# Best pellet stove insert



## nctarheel09

Hi all,

I am new to using or having a fireplace and want to ask some seasoned fireplace veterans what's the best choice for me. I have a masonry fireplace with gas logs right now and I am wanting to switch it to a pellet insert since propane is costly. What type of pellet insert would you recommend for a 1600 sq. ft. home which would be cost effective and easy to operate.


----------



## kenfsr

We have a country winslow PI-40 insert in a cape with approx 1400 sf and it does a great job of heating the whole house. 74 in living room and 68 in bedrooms , and we keep it on a low setting #2 of 5, it is rated to 900- 2000 sf. Great stove, runs well, no problems 3 years running. had 1 problem with ignition, but was due to stove not cleaned well, did a good cleaning and it fired right up.
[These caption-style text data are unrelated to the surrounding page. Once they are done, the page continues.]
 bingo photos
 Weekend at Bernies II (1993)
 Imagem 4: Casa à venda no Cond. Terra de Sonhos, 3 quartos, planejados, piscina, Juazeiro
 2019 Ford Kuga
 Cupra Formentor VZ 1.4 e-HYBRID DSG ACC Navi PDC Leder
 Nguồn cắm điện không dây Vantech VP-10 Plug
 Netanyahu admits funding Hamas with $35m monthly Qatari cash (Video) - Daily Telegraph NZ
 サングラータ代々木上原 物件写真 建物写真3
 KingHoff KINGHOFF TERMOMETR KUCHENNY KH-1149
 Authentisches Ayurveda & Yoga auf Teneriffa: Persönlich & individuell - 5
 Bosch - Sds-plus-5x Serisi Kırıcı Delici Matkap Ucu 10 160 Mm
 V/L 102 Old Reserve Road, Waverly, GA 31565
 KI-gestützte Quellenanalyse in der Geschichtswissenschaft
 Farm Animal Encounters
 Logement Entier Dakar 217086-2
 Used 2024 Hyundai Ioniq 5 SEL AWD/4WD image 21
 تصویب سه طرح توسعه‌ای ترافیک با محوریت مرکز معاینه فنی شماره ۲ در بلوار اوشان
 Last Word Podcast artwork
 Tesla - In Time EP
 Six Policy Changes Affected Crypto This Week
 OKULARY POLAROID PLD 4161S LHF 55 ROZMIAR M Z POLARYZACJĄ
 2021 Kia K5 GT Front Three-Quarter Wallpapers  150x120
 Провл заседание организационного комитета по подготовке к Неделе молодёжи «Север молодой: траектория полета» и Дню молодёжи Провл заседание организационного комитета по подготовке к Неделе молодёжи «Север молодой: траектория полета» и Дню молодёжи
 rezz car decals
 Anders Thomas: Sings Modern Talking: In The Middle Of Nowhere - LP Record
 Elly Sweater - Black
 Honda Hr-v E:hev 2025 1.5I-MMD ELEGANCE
http://www.lennoxhearthproducts.com/products/inserts/winslow/


----------



## flynfrfun

My recommendation is to get the biggest stove you can afford.  You can always turn it down, but if you get too small of a stove, you can't turn it up.  I have one of the bigger ones and am glad I do.  I only heat 1900sf with it.  My favorite 3 inserts are the Quadrafire Mt Vernon, Harman Accentra and Enviro M55 cast insert.  
Flynfrfun


----------



## lecomte38

Harman Accentra Insert with the bottom feed system will burn almost any kind of pellet with no problems.


----------



## CT Mets Fan

I have a Breckwell P23i, it came with the house when I bought it last year.  I think the unit is a couple of years old.  In the heating months, I shut it down in the morning when I wake up, and turn it on every night when I get home from work AFTER I clean out all the ash from the night before.  My house is about 2800 sqft, and it seems to do the job pretty well.  Best performing pellets for me have been Barefoot (4+ tons last year), Hamer's Hot Ones and Turman's (4 tons in the garage for this year).


----------



## roadrunnermoore

carolinatrails09 said:
			
		

> Hi all,
> 
> I am new to using or having a fireplace and want to ask some seasoned fireplace veterans what's the best choice for me. I have a masonry fireplace with gas logs right now and I am wanting to switch it to a pellet insert since propane is costly. What type of pellet insert would you recommend for a 1600 sq. ft. home which would be cost effective and easy to operate.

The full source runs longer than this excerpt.